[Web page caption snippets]
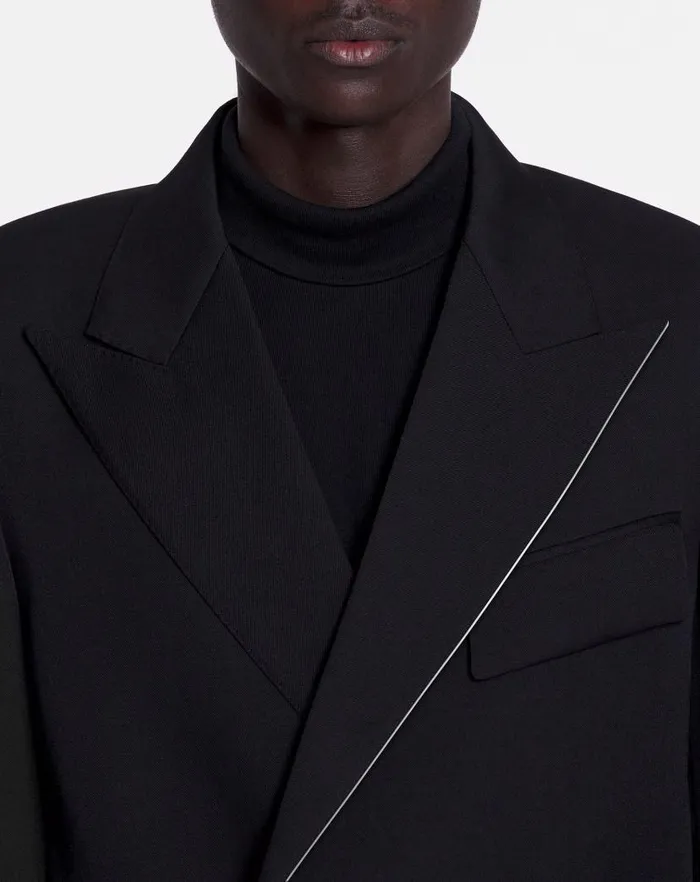 Men Lanvin Coats and Jackets Lanvin X Future Unisex Doublebreasted Jacket Black Men Lanvin Coats and Jackets Lanvin X Future Unisex Doublebreasted Jacket Black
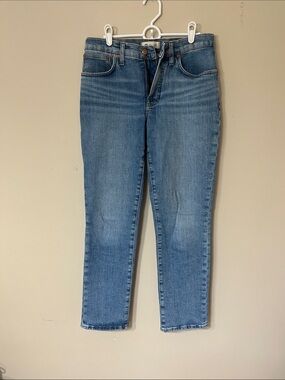 Madewell High-Rise Slim Jeans in Light Blue Wash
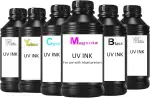 UV Tinte Farbe für Drucker,UV-Tinten-Set für Flachbett-UV-Drucker,6 x 500 ML,UV Tinte,für A3 A4 L805 XP600
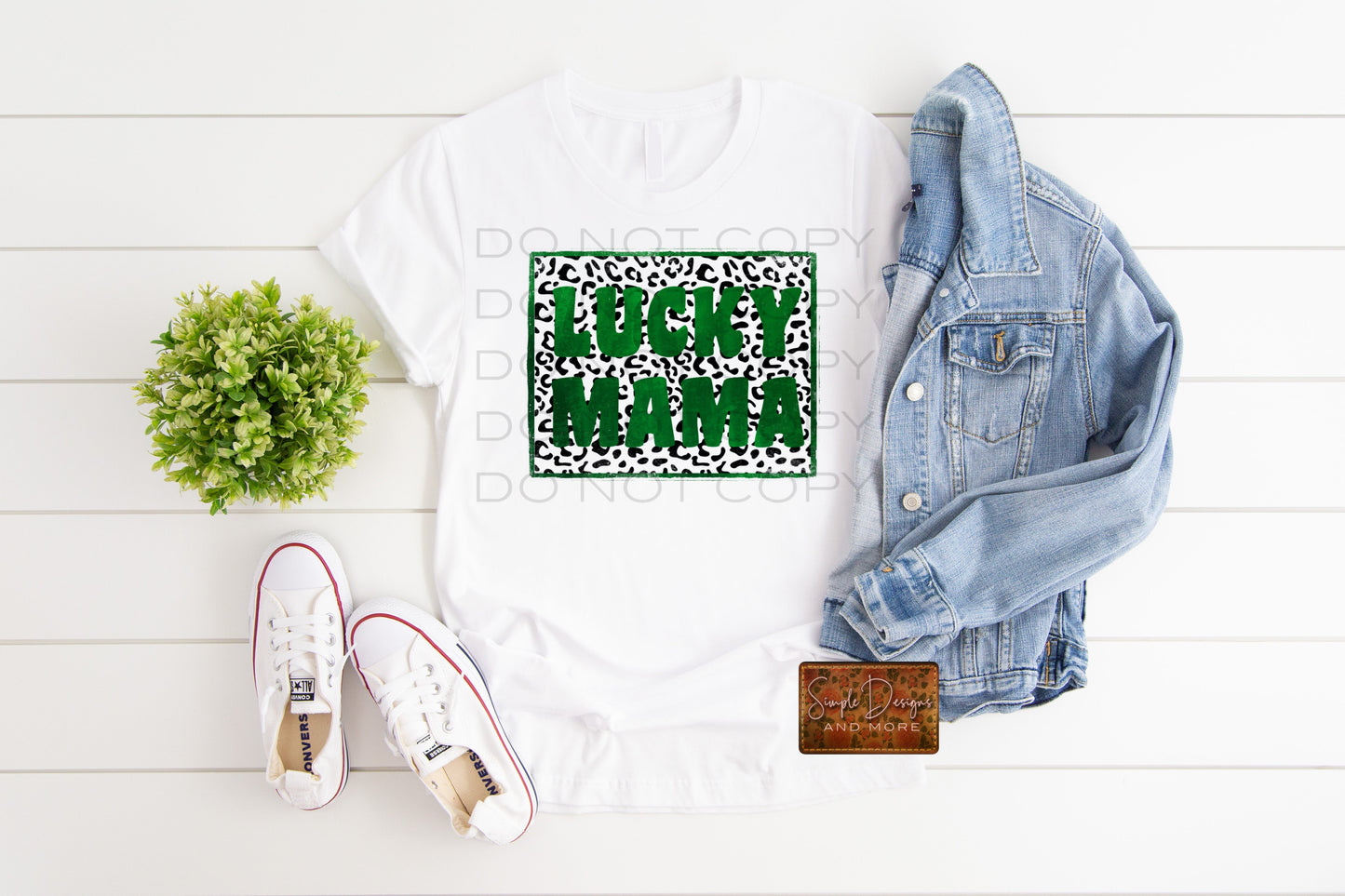 Lucky Mama St Patrick’s Day Sublimation Heat Transfer Sheet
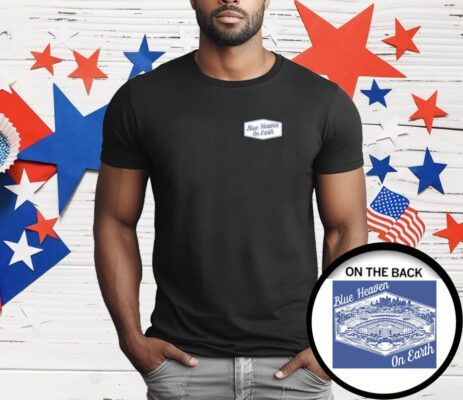 Blue Heaven On Earth Pocket T-Shirt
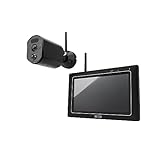 ABUS Überwachungskamera EasyLook BasicSet PPDF17000 – Kamera + tragbarer Monitor mit Touchscreen - einfache Handhabung, Bewegungserkennung, Alarm- und Aufnahme-Modus, Gegensprechfunktion, N
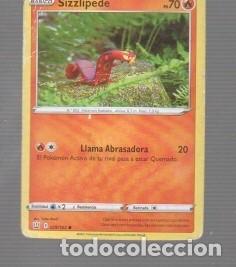 Trading cards: CROMO DE POK&Eacute;MON DE B&Aacute;SICO BASICO SIZZLIPEDE PS 70 N&ordm; 850 A&Ntilde;O 2021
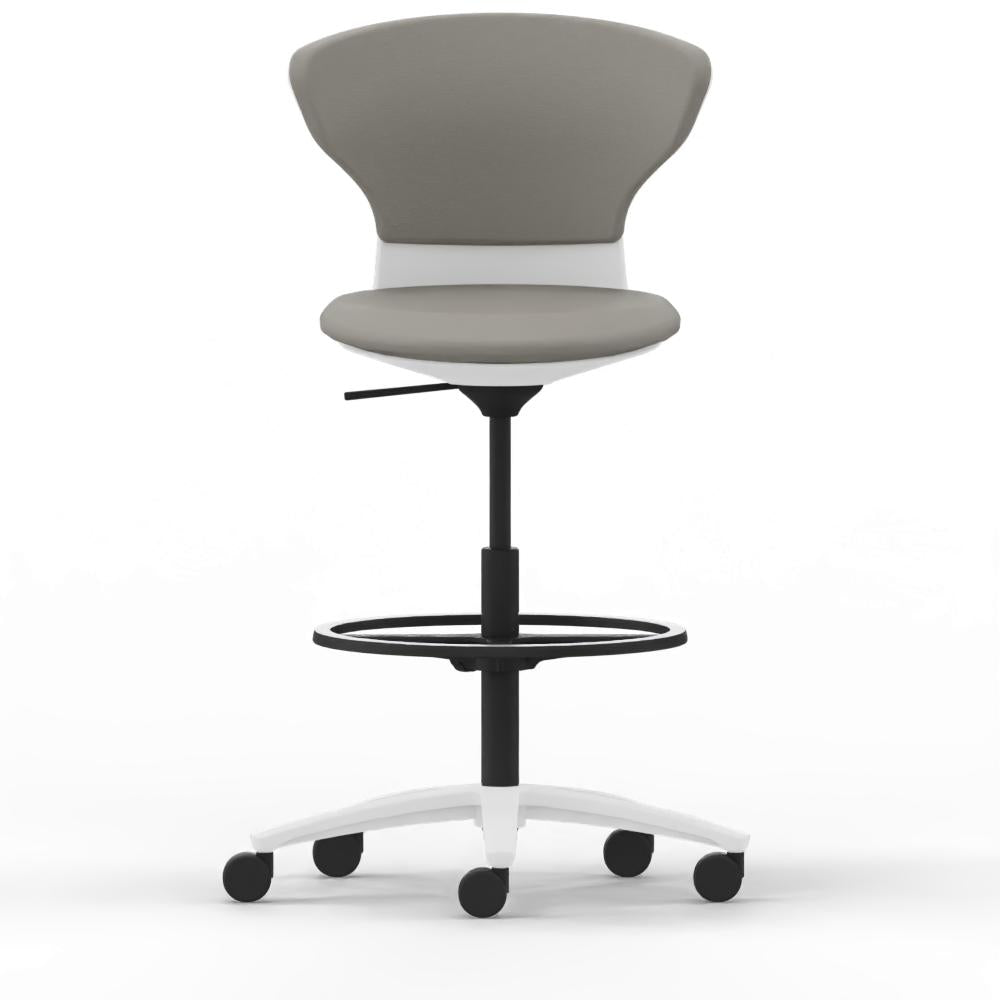 Hochdrehstuhl turn around | High Desk mit Fussring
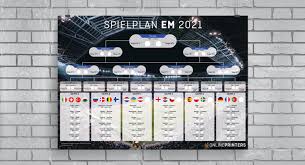 Bei der gruppenauslosung der em 2021 ist deutschland in einer todesgruppe gelandet. Europameisterschaft 2021 Spielplane Viele Info S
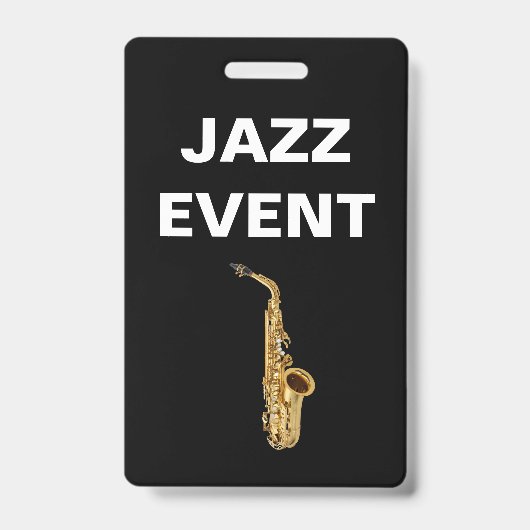 Jazz Concert or Event Staff ID Abzeichen Ausweis (Vorderseite)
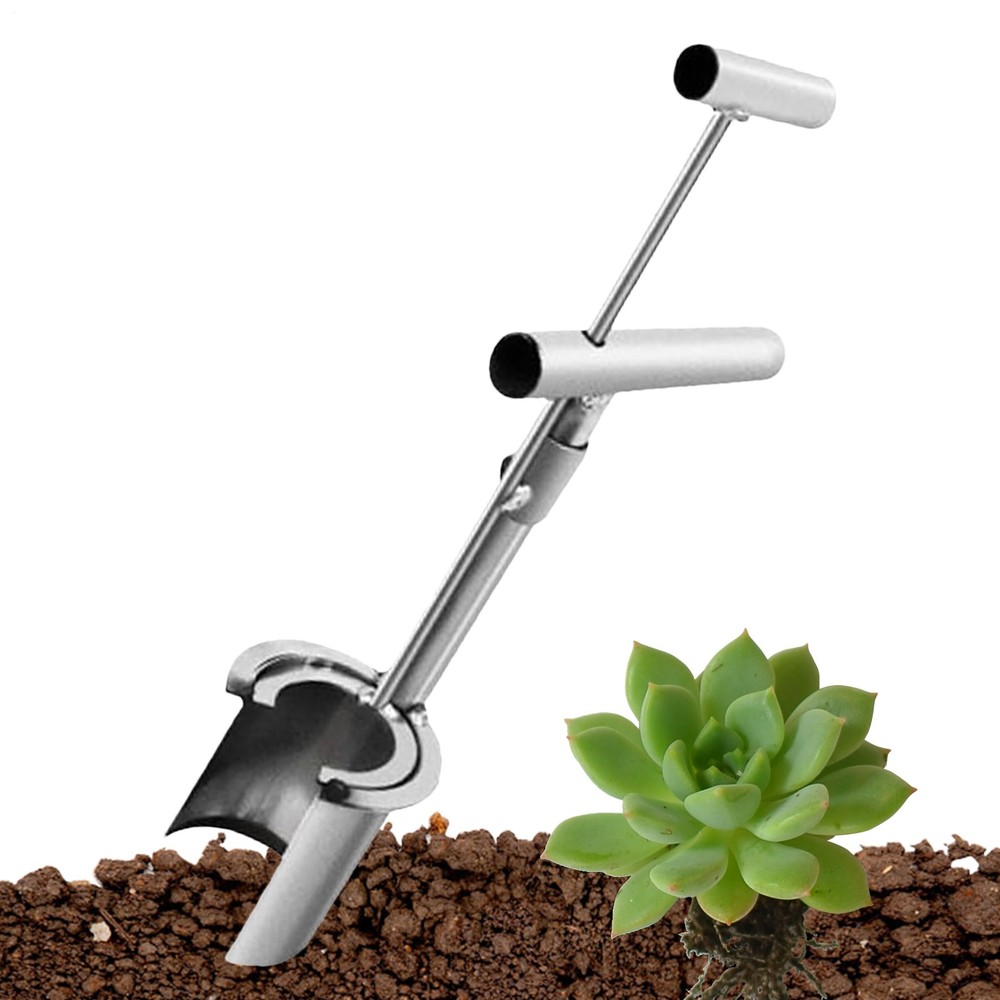 Bulb Planter Tool Fruit Tree Transplanter,Long Handled Bulb Planter With Sliding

## Directions for this task
Please reproduce every entry above exactly, but leave out the pictures.

## Solution for this task
 Men Lanvin Coats and Jackets Lanvin X Future Unisex Doublebreasted Jacket Black Men Lanvin Coats and Jackets Lanvin X Future Unisex Doublebreasted Jacket Black
 Madewell High-Rise Slim Jeans in Light Blue Wash
 UV Tinte Farbe für Drucker,UV-Tinten-Set für Flachbett-UV-Drucker,6 x 500 ML,UV Tinte,für A3 A4 L805 XP600
 Lucky Mama St Patrick’s Day Sublimation Heat Transfer Sheet
 Blue Heaven On Earth Pocket T-Shirt
 ABUS Überwachungskamera EasyLook BasicSet PPDF17000 – Kamera + tragbarer Monitor mit Touchscreen - einfache Handhabung, Bewegungserkennung, Alarm- und Aufnahme-Modus, Gegensprechfunktion, N
 Trading cards: CROMO DE POK&Eacute;MON DE B&Aacute;SICO BASICO SIZZLIPEDE PS 70 N&ordm; 850 A&Ntilde;O 2021
 Hochdrehstuhl turn around | High Desk mit Fussring
 Bei der gruppenauslosung der em 2021 ist deutschland in einer todesgruppe gelandet. Europameisterschaft 2021 Spielplane Viele Info S
 Jazz Concert or Event Staff ID Abzeichen Ausweis (Vorderseite)
 Bulb Planter Tool Fruit Tree Transplanter,Long Handled Bulb Planter With Sliding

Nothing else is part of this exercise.